The famous “Face on Mars” in the Cydonia region of the Red Planet as imaged by the Viking 1 orbiter.

NASA/JPL

In 1976, the Viking 1 orbiter took a photo of a rock in the Cydonia region of Mars that looked an awful lot like a face. Humans are neurologically primed to see faces, reading faces being pretty crucial for human survival, so it’s not surprising some people would see a face somewhere on Mars. It was still just rocks, light, and shadow.

The “Face on Mars” illusion dispelled by the Mars Reconnaissance Orbiter imaging the same mesa in Cydonia from a different angle.

NASA

“The ‘Face on Mars’ is a perfect example of pareidolia,” Byrne says, but there are other examples, including what some people say looks like Han Solo encased in carbonite on Mercury or a giant tick on Venus.

Where is the Moon cube?

Whatever the Moon cube might be, it’s currently about a football field away from the Yutu-2 rover, which is the first rover to explore the far side of the Moon. Both the rover and the mysterious object sit in the Von Kármán crater, a 110-mile diameter impact crater in the southern polar region of the Moon.

Meteor or comet impacts are a good way to generate and disperse boulders on the Moon without weather or water, and the Moon cube and Yutu-2 sit in a double crater — the Von Kármán crater is one of many in much, much larger South Pole-Aitken Basin, which measures nearly 1,600 miles across.

What is the Chinese Yutu-2 Rover?

CNSA launched the Yutu-2 rover in December 2018 as part of China’s Chang’e 4 lunar mission.

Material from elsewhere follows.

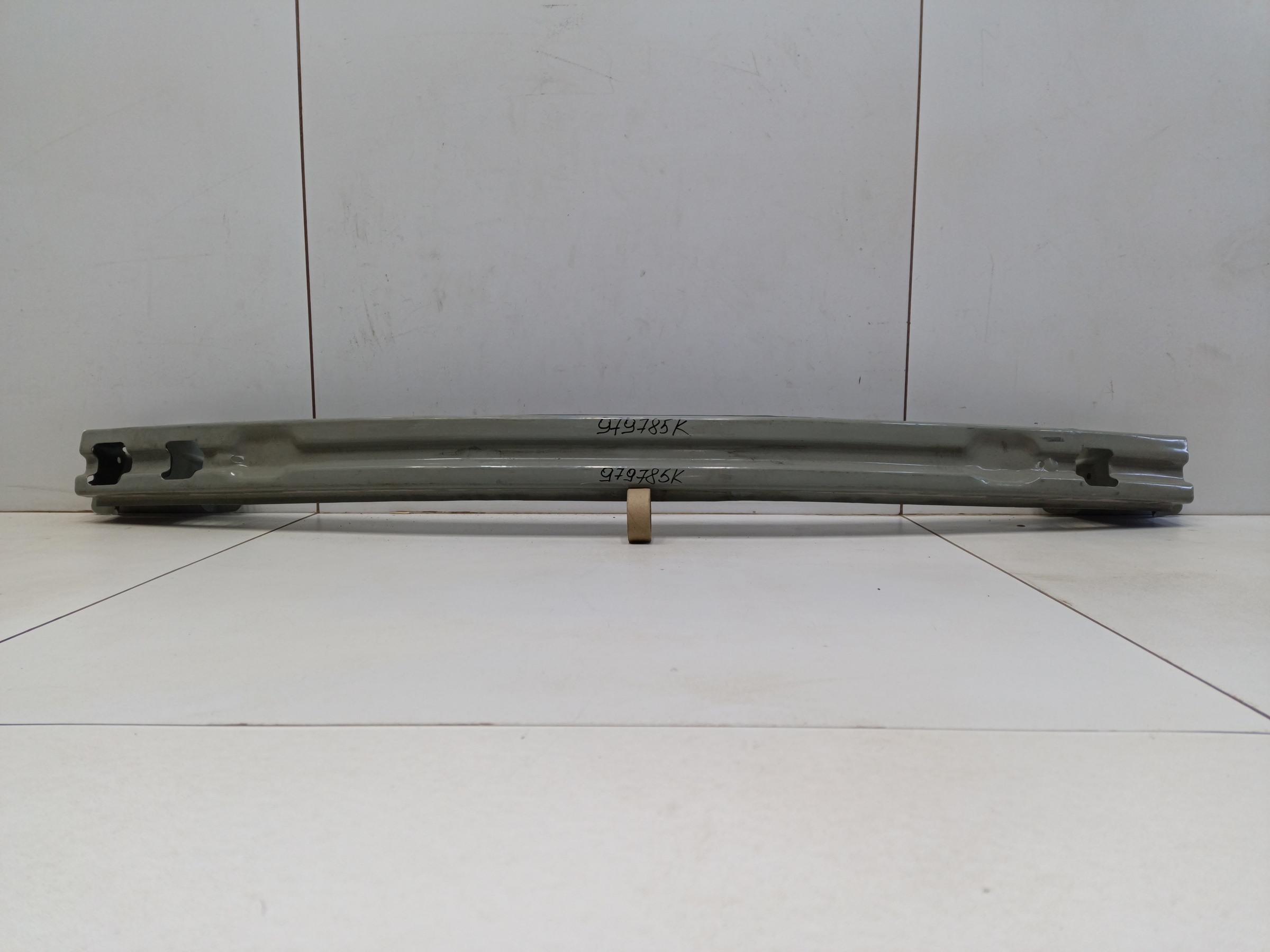 Усилитель переднего бампера Haval H3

The Chang’e 4 lander made the first soft landing on the Moon’s dark side on January 3, 2019, and deployed the rover.

China’s Yutu-2 rover on the dark side of the Moon.

-/AFP/Getty Images

Yutu-2 has since traversed more than 2,700 feet of the lunar surface, using its ground-penetrating radar and spectrograph instruments to study the surface composition and deeper structure of the Moon.

Powered by solar panels, Yutu-2 powers down during the two-week-long lunar night when the dark side of the Moon faces away from the Sun. But the Chinese rover has nevertheless beat the longevity record of the Soviet Lunokhod 1 rover. The Soviet machine roved the Moon for 321 Earth days in 1971, but Yutu-2 has been going strong for more than 1,068 Earth days.

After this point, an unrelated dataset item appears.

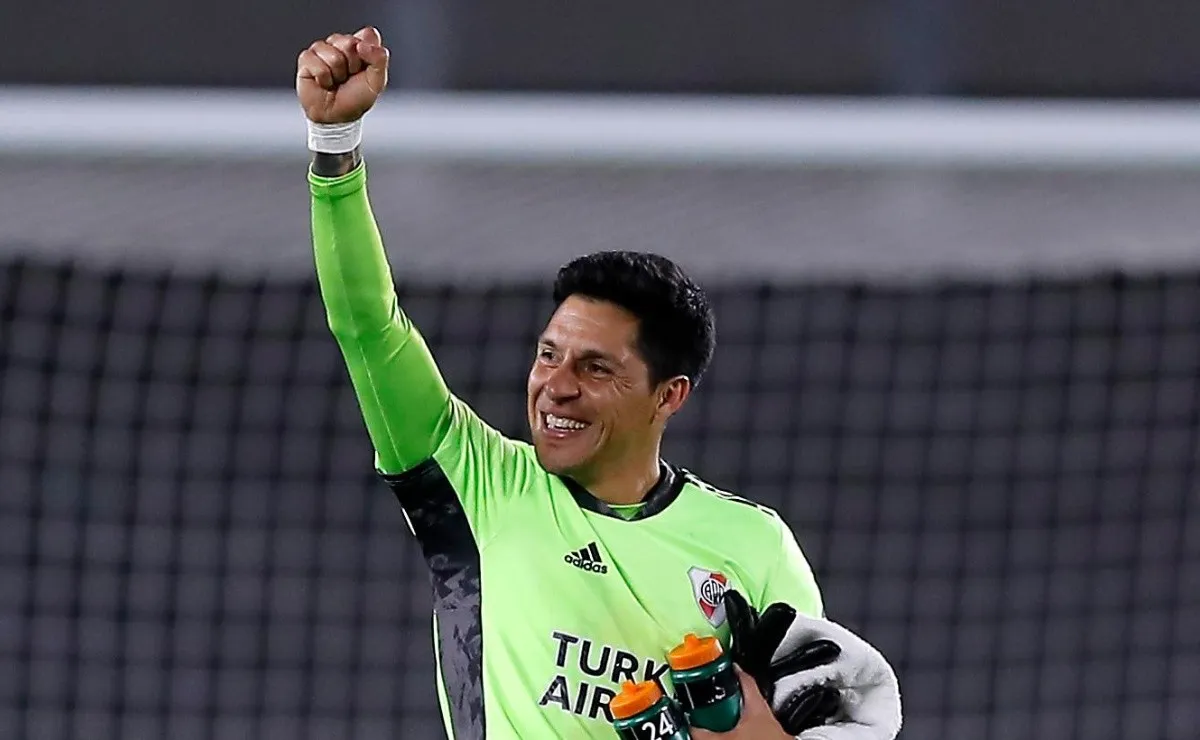 Enzo reveló todos los detalles de la noche en la que defendió el arco de River.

What does the Moon Cube tell us about lunar geology?

Lunar boulders are interesting, Byrne says, because they tell scientists about the energies involved in the impacts that created them and give scientists access to material from deeper inside the Moon. “But for the time being, I have no reason to think that this particular boulder is any more special than any other of the billions and billions on the Moon,” he adds.

More exciting is what the Yutu-2 rover may learn on its way to examining this mystery object.

“We still have a lot to learn about the Moon scientifically: its interior structure, the level of geological activity there today, and the composition of a variety of different parts of the Moon,” Byrne says. “Anything we learn about a place we’ve only visited with humans a handful of times will be useful!”

How soon will we learn what the mysterious Moon Cube really is?

Yutu-2 is an impressive instrument, but it’s not built for speed. While Chinese scientists plan to investigate the Moon Cube/ “Mystery Hut,” it will likely take two to three months — with intervening periods of inactivity during the lunar night — for the rover to get to the site of the mystery.